Yang paling fenomenal tentu sosok KH. Abdurrahman Wahid, putera KH. Wachid
Hasyim ( Ketua Umum PBNU 1984 – 1998). Beliau secara konsisten mendidik bangsa ini
untuk bersikap toleran terhadap kaum minoritas, baik etnis, ras, maupun penganut agama.
Beliau berhasil memperkenalkan Islam sebagai rahmatan lil’alamin meskipun dengan resiko
dikafirkan oleh saudara muslim yang lain. Beliau memang kontroversial, karena menurut
beliau inti dari sebuah demokrasi adalah kontroversi. Beliau tokoh yang menolak
pembubaran Ahmadiyah, beliau juga menentang kasus pemberedelan Mingguan Monitor
(milik Arswendo Atmoiloto), pernah juga membuka wacana hubungan dagang RI-Israel,
mengesahkan Hari Raya Imlek, menentang hukuman mati Salman Rushdie yang divonis In
Abcentia oleh Ayatulloh Khomaeni. Sekilas apa yang beliau lakukan terlihat controversial.
Namun pada hakikatnya beliau sedang memperjuangkan nilai-nilai dasar pluralism, dimana
setiap perbedaan pendapat sangat dihargai, dan menurut beliau inilah salah satu pesan penting
Islam yang dahulu pernah disampaikan Nabi Muhammad, tidak ada paksaan dalam
(ber)agama, bagimu agama (kepercayaan, pendapat)mu bagiku agamaku, perbedaan
pendapat diantara umatku adalah rahmat.
Secara umum, NU dan pesantrennya (kyai, santri, dan norma di dalamnya) telah
memberi kontribusi yang begitu besar bagi bangsa ini seperti yang dijelaskan diatas. Tanpa
NU, saya tidak yakin Islam akan menjadi agama mayoritas di negeri ini. Basis NU yang di
pedesaan (mayoritas penduduk Indonesia berada di desa) bisa menjelaskan hal itu. Akhir
kata, NU benar-benar unik, canggih, dan hebat.
DAFTAR PUSTAKA
Aqiel, Said Siradj, 2007, Teks Pesantren tentang Pendidikan Kebangsaan. Jakarta: Jurnal
EDUKASI DEPAG RI.
Aqiel, Said Siradj, 2009, Tasawuf Sebagai Kritik Sosial, Jakarta: Yayasan KHAS.

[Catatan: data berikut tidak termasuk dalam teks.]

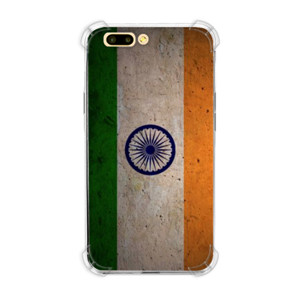 Casing HP Bendera India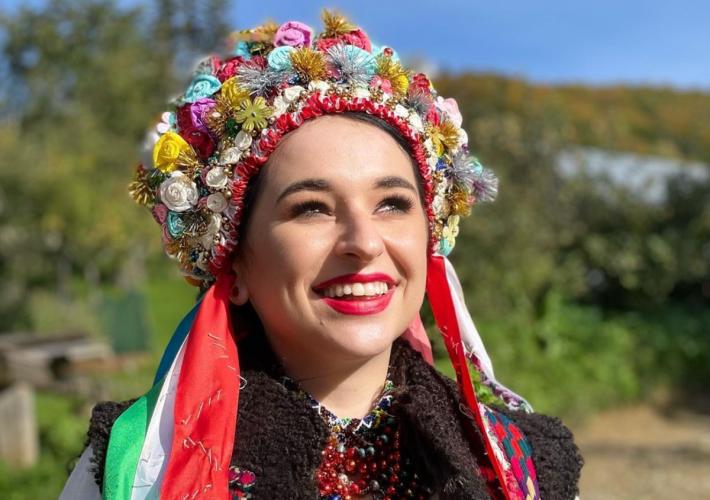FIÏNKA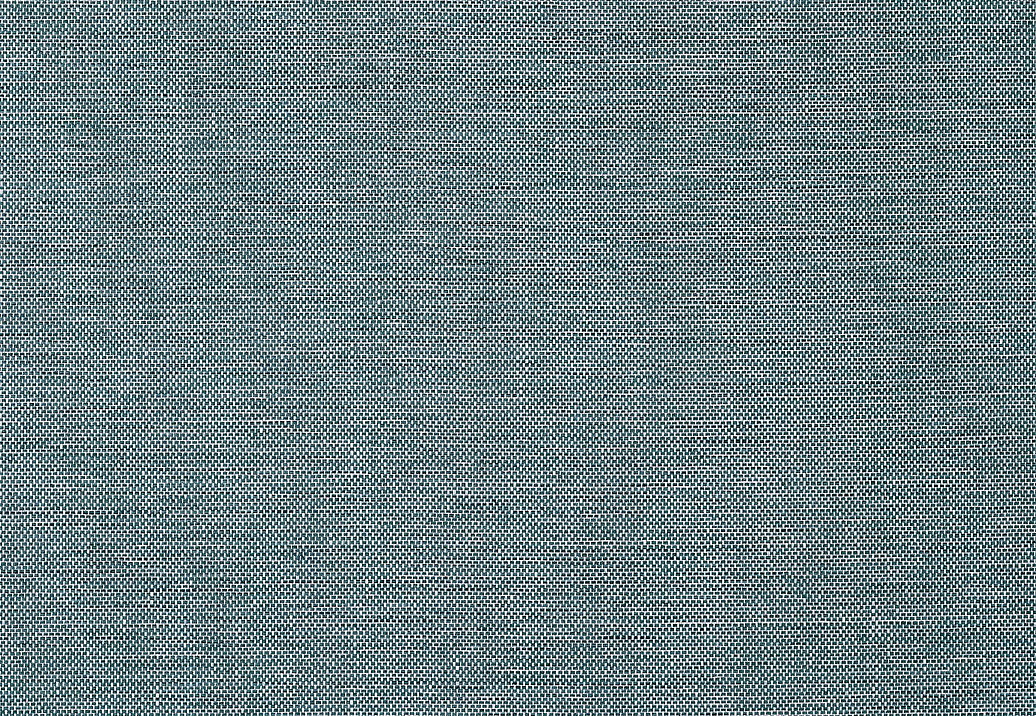 Обои Thibaut Grasscloth Resource V T24134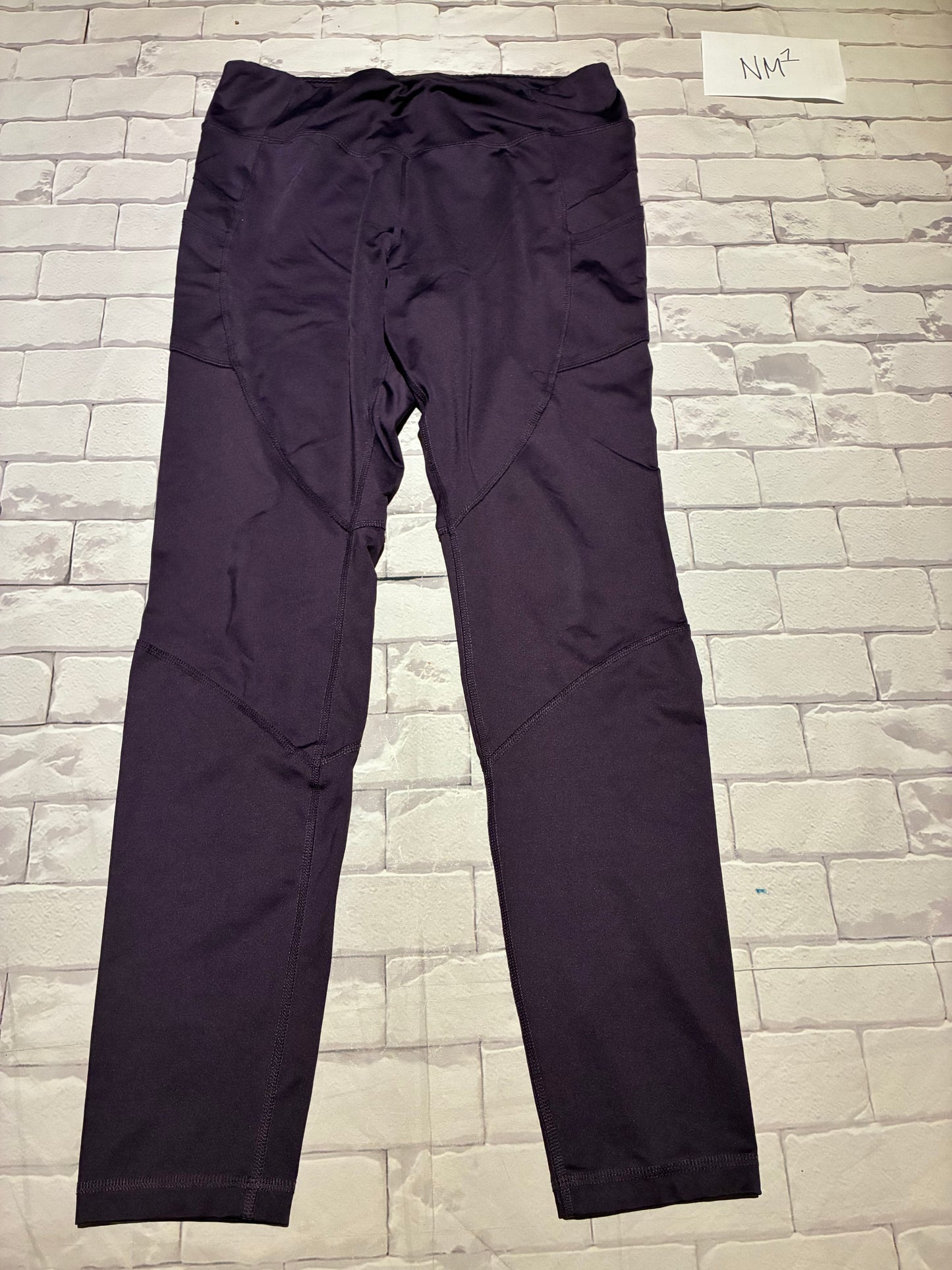 Ladies Bottoms Size L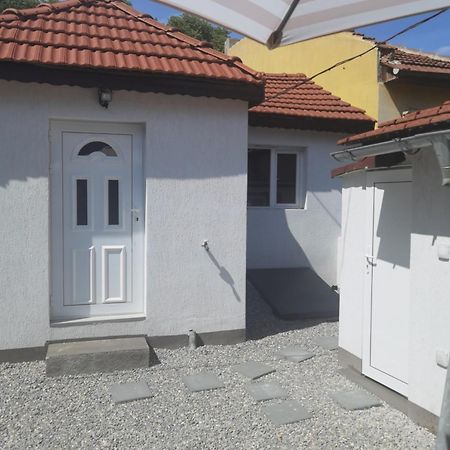 Nice House Near City Center Of Ruse Ngoại thất bức ảnh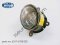 Fog lights, right Part number: 63176925050 6925050 , 63176911722 6911722 MAGNETI MARELLI LAB581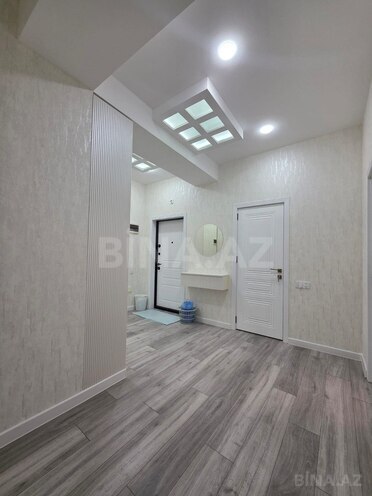 Продаётся 3-комн. новостройка 88 м², пос. Ени Ясамал, photo 9 from 12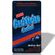 Fralda-geriatrica-super-geriatrico-confort-eg-8-unidades-344672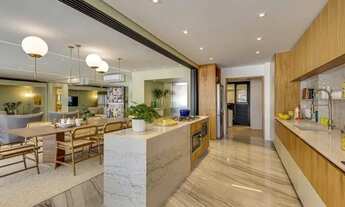 Imagem 5: Goiânia - Apartamento Padrão - Setor Bueno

Hasbullah, 1995, Sejarah Pendidikan Islam di Indonesia. Jakarta: Raja Grafindo.
Iskandar, A. Muhaimin, 2009, Momentum untuk Bangkit: Percikan Pemikiran Ekonomi,
Politik, dan Keagamaan, Yogyakarta: LKiS.
Madjid, Nurcholish, 1997, Bilik-bilik Pesantren: Sebuah Potret Perjalanan. Jakarta:
Paramadina.
Saridjo, Marwan. Produk Pesantren di Indonesia. Jakarta: DEPAG. 1982.
Wahid, Abdurrahman, 2010 Menggerakkan Tradisi: Esai-esai Pesantren. Yogyakarta: LKis.